今回ここでお伝えしたいのは、この話ではありません。



それから、「使役」といっても、語義はいくつかに分かれます。

〔使役〕首相は大臣に視察に行かせた
〔放任・許容〕しばらく休ませてくれ
〔不本意なことや迷惑なこと〕息子を戦争で死なせる
【ベネッセ表現読解国語辞典より】
「せる・させる」の基本―どんな動詞に付くか
次に、どんな動詞に「せる・させる」が付くか、国語辞典からいろいろな例文を拾いながら考えてみます。

一足先に行かせてもらいます
監督は打者に初球を打たせた
時計の針を二〇分ほど進ませる
捕手が投手に直球を投げさせる
水を沸騰させる
【すべて大辞林第四版より】
前にある動詞(赤太字)の種類に注目すると、

「行く」= 自動詞
「打つ」= 他動詞(~を打つ)
「進む」= 自動詞
「投げる」= 他動詞(~を投げる)
「沸騰する」= 自動詞
です。自動詞に「せる・させる」を付けると、「自動詞としての行為をするようにしむける」という意味になるので、「行く」→「行かせる」、「進む」→「進ませる」、「沸騰する」→「沸騰させる」という関係が成り立ちます。
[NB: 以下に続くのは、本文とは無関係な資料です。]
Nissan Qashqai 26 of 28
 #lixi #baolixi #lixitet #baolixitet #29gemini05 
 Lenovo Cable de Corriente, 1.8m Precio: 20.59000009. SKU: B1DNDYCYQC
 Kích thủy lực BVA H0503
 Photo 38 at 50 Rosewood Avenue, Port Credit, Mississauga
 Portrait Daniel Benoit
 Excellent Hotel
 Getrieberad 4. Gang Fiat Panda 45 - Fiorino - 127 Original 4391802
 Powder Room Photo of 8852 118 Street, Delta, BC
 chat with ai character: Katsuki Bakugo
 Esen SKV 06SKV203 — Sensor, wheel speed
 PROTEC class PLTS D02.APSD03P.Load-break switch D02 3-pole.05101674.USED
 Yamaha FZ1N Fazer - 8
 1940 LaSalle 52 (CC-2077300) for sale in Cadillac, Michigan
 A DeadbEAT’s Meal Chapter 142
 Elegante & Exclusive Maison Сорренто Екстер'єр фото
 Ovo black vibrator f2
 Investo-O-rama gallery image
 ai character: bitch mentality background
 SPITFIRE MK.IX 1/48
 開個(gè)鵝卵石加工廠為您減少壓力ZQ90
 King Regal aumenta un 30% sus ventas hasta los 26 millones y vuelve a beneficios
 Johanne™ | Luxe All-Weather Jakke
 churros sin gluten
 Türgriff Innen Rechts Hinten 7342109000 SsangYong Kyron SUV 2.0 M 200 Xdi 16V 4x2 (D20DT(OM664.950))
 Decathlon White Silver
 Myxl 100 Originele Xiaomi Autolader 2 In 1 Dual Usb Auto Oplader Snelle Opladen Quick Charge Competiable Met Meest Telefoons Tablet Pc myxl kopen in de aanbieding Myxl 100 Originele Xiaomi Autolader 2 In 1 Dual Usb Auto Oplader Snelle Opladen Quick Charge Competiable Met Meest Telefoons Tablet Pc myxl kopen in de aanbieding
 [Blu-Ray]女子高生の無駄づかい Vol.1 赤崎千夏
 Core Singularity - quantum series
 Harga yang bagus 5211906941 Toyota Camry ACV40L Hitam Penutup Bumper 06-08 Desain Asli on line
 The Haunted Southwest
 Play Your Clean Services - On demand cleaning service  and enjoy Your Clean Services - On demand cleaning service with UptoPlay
一方、他動詞の場合は目的語をとっているので、「〈誰々に〉~〈何々を〉○○するようにしむける」という形になっている点に注意してください。「打者が初球を打つ」→「打者に初球を打たせた」、「投手が直球を投げる」→「投手に直球を投げさせる」という関係です。

「せる・させる」が自動詞に付く場合
たとえば、「向上する」は自動詞です。「学力が向上する」のように、「〈何々が〉向上する」という言い方しかできず、「学力を向上する」のように目的語をとることはできません。ちょっとググってみると、目的語をとっている例は山ほど出てきますが、基本的には正しくない形です。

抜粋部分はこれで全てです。